Lamb was elected to membership in fifteen historical and learned societies in the United States and Europe.

Lamb was a fixture in New York social circles; she had connections with many of the old families she chronicled in her historical writings. She also belonged to numerous historical and patriotic societies. She was twice invited to the White House: President Grover Cleveland gave a dinner in her honor in 1886; in 1889 President Benjamin Harrison recognized her contributions to the centennial celebration of Washington's inauguration with an invitation.

== Works ==
- The Play School Studies (4 vols., Boston, 1869)
- Aunt Mattie's Library, a series of books for children including: "Merry Christmas," "Drifting Goodword," "Fun and Profit" and "Sabbath Schools." (4 vols., Boston, 1871)
- Spicy, chronicles the great Chicago fire (New York, 1873)
- Harper's Magazine, 1876:
  - "Lyme, A Chapter of American Genealogy"
  - "Newark," a complete sketch of that city
  - "Tombs of Old Trinity"
- "State and Society in Washington," Harper's Magazine, Volume 56, Issue 334 (March 1878), pp. 481–500.
- "The Coast Survey," Harper's Magazine, 1879
- The Homes of America (New York, 1879)
- Memorial of Dr.

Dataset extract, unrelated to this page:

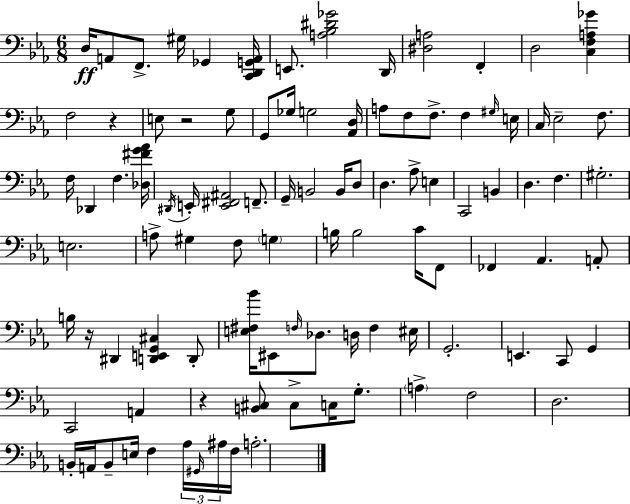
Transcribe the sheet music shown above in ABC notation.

J. D. Russ, a philanthropist (New York, 1880)
- The Christmas Owl: A Budget of Entertainment, editor, collection of poems shaped like an owl (New York, 1881)

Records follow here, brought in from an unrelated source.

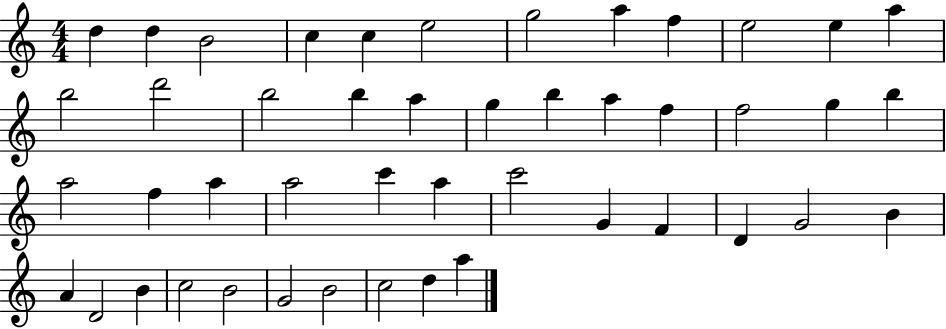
X:1
T:Untitled
M:4/4
L:1/4
K:C
d d B2 c c e2 g2 a f e2 e a b2 d'2 b2 b a g b a f f2 g b a2 f a a2 c' a c'2 G F D G2 B A D2 B c2 B2 G2 B2 c2 d a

- The Christmas Basket Holiday Entertainment, editor, shaped like an basket (New York, 1882)
- Snow and Sunshine (New York, 1882)
- "The American Life Saving Service," Harper's Magazine, 1882
- "Historical Sketch of New York," for the Tenth United States Census, 1883
- Wall Street in History (New York, 1883)

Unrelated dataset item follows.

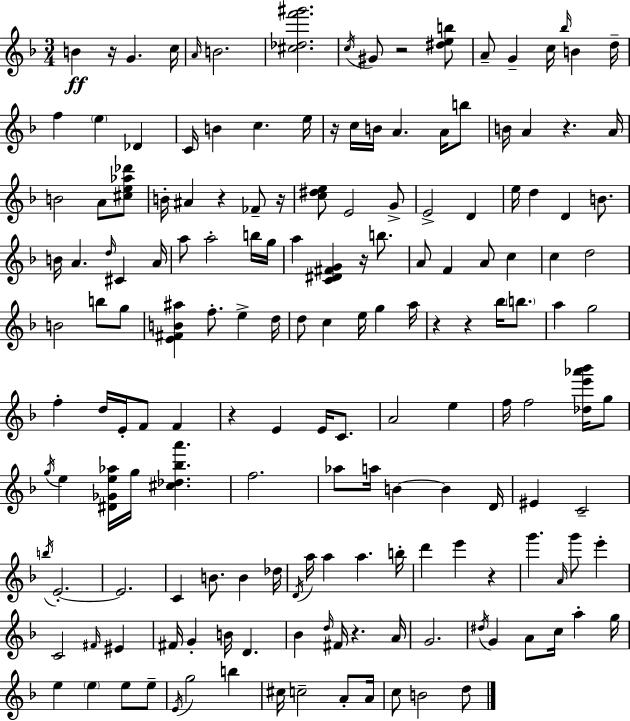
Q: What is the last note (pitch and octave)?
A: D5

- Magazine of American History, 1884
  - "Unsuccessful Candidates for the Presidency of the Nation"
  - "The Van Rensselaer Manor"
- Magazine of American History, 1885
  - "The Framers of the Constitution"
  - "The Manor of Gardiner's Island"
  - "Sketch of Major-General John A. Dix"
- Magazine of American History, 1886
  - "The Van Cortlandt Manor House"
  - "Historic Homes in Lafayette Place"
  - "The Founder, Presidents and Homes of the New York Historical Society"
- Magazine of American History, 1887
  - "The Historic Homes of our Presidents"
  - "Historic Homes on Golden Hills"
  - "The Manor of Shelter Island"
- Magazine of American History, 1888
  - "Foundation of Civil Government beyond the Ohio River, 1788-1888"
  - "The Inauguration of Washington in 1789," written by special request of the New York Historical Society
- Magazine of American History, 1889
  - "Historic Homes and Landmarks in New York," three papers
  - "The Story of the Washington Centennial"
- Magazine of American History, 1890
  - "America's Congress of Historical Scholars"
  - "Our South American Neighbors"
  - "American Outgrowths of Continental Europe"
  - "The Golden Age of Colonial New York"
- "Formative Influences," The Forum, 1890
- Magazine of American History, 1891
  - "William H. Seward, a Great Public Character"
  - "Glimpses of the Railroad in History"
  - "The Royal Society of Canada"
  - "Some Interesting Facts about Electricity"
  - "A Group of Columbus Portraits"
  - "Judge Charles Johnson McCurdy"
- Magazine of American History, 1892
  - "The Walters Collection of Art Treasures"
  - "Progression of Steam Navigation, 1807-1892"
- The History of the City of New York: Its Origin, Rise, and Progress. (2 vols.) 1877-81 (her most noted work, the product of about fifteen years of patient labor and research)

She wrote about 50 shorter stories, and more than 100 historical and other papers in magazines.

== Death ==
Martha Lamb died of pneumonia in New York on January 2, 1893. Her funeral service was held at the Madison Square Presbyterian Church and she was buried in Spring Grove Cemetery in Florence, Massachusetts.